Protein Folding Disorders: Amyloidoses In a number of human disorders (amyloidoses; including Alzheimer disease), a soluble protein that is normally produced by a cell adopts a misfolded state and converts into an insoluble extracellular amyloid fiber (Fig. 4-32a). Commonly, fiber formation is promoted by the aggregation of regions of proteins that have a ß conformation. In Alzheimer disease, proteolytic cleavage of a neuronal membrane protein (amyloid-ß precursor protein, APP) produces an -helical membrane-spanning peptide (amyloid-ß peptide) that converts to the ß conformation and aggregates into amyloid fibrils (Fig. 4-32 b & c). The extracellular deposition of amyloid fibrils is associated with plaque formation and ultimately death of the nearby neurons.
Protein Folding Disorders: Prion Diseases (I) In the neurodegenerative diseases known as spongiform encephalopathies, a misfolded form of a normal neuronal protein PrP is responsible for disease. Spongiform encephalopathies occur in many species of animals. In humans, the disorders are known as kuru and Creutzfeld-Jacob disease. In cows, the disorder is known as mad cow disease. In sheep it is called scrapie, and in deer and elk, it is called chronic wasting disease. The diseased brain becomes riddled with holes (Fig. 1, Box 4-6). Progressive deterioration of the brain leads to a spectrum of neurological symptoms, and is always fatal.
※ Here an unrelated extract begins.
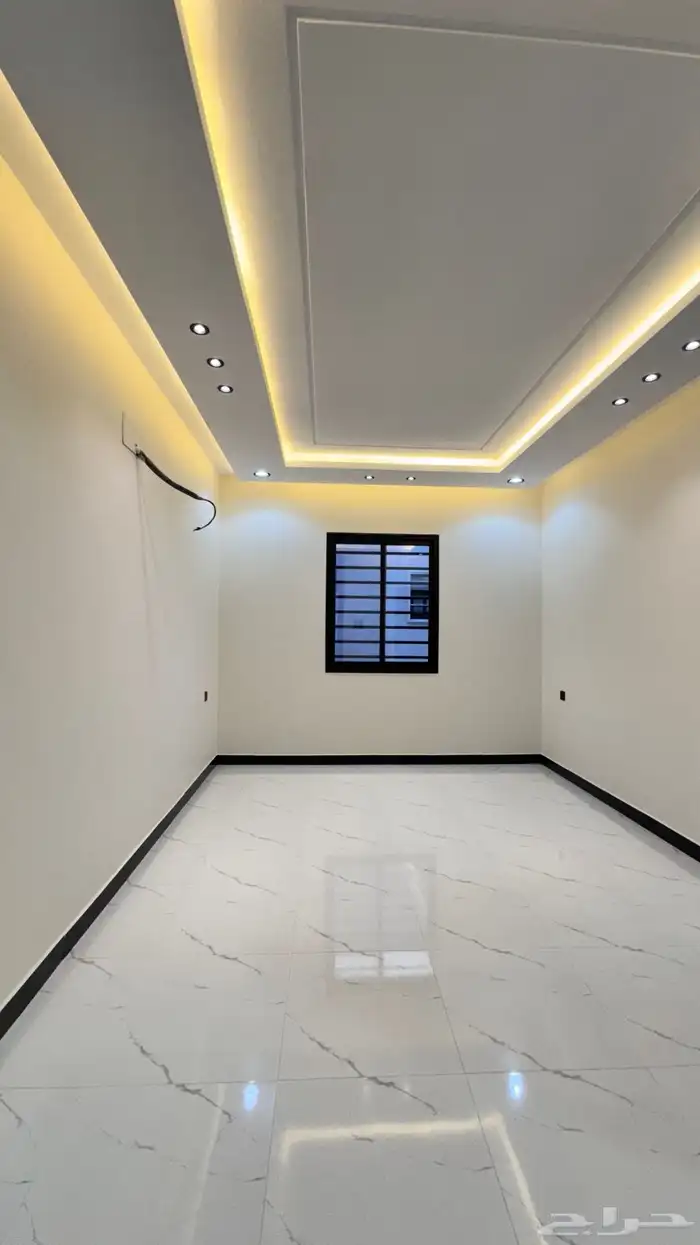 للبيع شقق علوى دور اول مع سطح احدرفيده 7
Protein Folding Disorders: Prion Diseases (II) Prion protein (PrP) is a normal constituent of brain tissue in all mammals. The protein is thought to possibly function in cell signaling. Illness occurs when the normal cellular PrP (PrPC) folds into an altered conformation called PrPSc (Sc denotes scrapie) (Fig. 2, Box 4-6). In PrPSc, part of the -helical region of PrPC is converted to the ß conformation. PrPSc monomers then associate forming amyloid-like ß sheets. Importantly, the interaction of PrPSc with PrPC converts the latter to PrPSc, initiating a domino effect in which more and more of the brain protein converts to the disease-causing form. For this reason PrPSc is infectious. The mechanism by which PrPSc leads to spongiform encephalopathy is not understood. In inherited forms of prion diseases, a mutation in the gene encoding PrP produces a change in one amino acid residue that is believed to make the conversion of PrPC to PrPSc more likely.